US 12,242,822 B2
	Custom models for source code generation via prefix-tuning
Colin Bruce Clement, Seattle, WA (US); Neelakantan Sundaresan, Bellevue, WA (US); Alexey Svyatkovskiy, Bellevue, WA (US); Michele Tufano, Bellevue, WA (US); and Andrei Zlotchevski, Brossard (CA)
Assigned to Microsoft Technology Licensing, LLC., Redmond, WA (US)
Filed by MICROSOFT TECHNOLOGY LICENSING, LLC., Redmond, WA (US)
Filed on Mar. 13, 2024, as Appl. No. 18/603,214.
Application 18/603,214 is a continuation of application No. 17/535,391, filed on Nov. 24, 2021, granted, now 11,947,935.
Prior Publication US 2024/0220215 A1, Jul. 4, 2024
This patent is subject to a terminal disclaimer.
Int. Cl. G06F 9/44 (2018.01); G06F 8/35 (2018.01); G06N 3/084 (2023.01); G06N 3/048 (2023.01)

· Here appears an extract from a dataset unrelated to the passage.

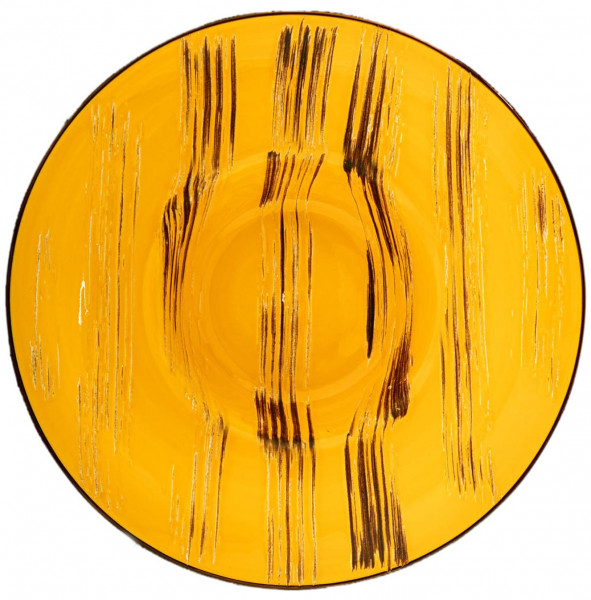 Тарелка 22,5 см глубокая жёлтая  Wilmax &quot;Scratch&quot; / 261480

CPC G06F 8/35 (2013.01) [G06N 3/084 (2013.01); G06N 3/048 (2023.01)]

20 Claims

1. A system comprising:

a processor; and

a memory that stores a program configured to be executed by the processor, the program comprises instructions that when executed perform acts that:

obtain, in a local execution environment, a pre-trained deep learning model trained to perform a first source code generation task, wherein the pre-trained deep learning model comprises a plurality of transformer blocks, wherein the plurality of transformer blocks comprises a plurality of model parameters;

receive, from a remote execution environment, tuning data to tune the pre-trained deep learning model to perform a second source code generation task, wherein the tuning data comprises a plurality of trainable parameters and source code samples, wherein the plurality of trainable parameters is separate from the plurality of model parameters;

tune, in the local execution environment, the pre-trained deep learning model to learn to perform the second source code generation task through application of the tuning data to the plurality of transformer blocks, wherein the plurality of model parameters is kept frozen and the plurality of trainable parameters are updated in the plurality of transformer blocks, wherein the local execution environment differs from the remote execution environment;

output hidden states from a last transformer block of the plurality of transformer blocks to the remote execution environment;

receive from the remote execution environment an error loss obtained from the outputted hidden states; and

update the plurality of trainable parameters in each of the plurality of transformer blocks based on the error loss.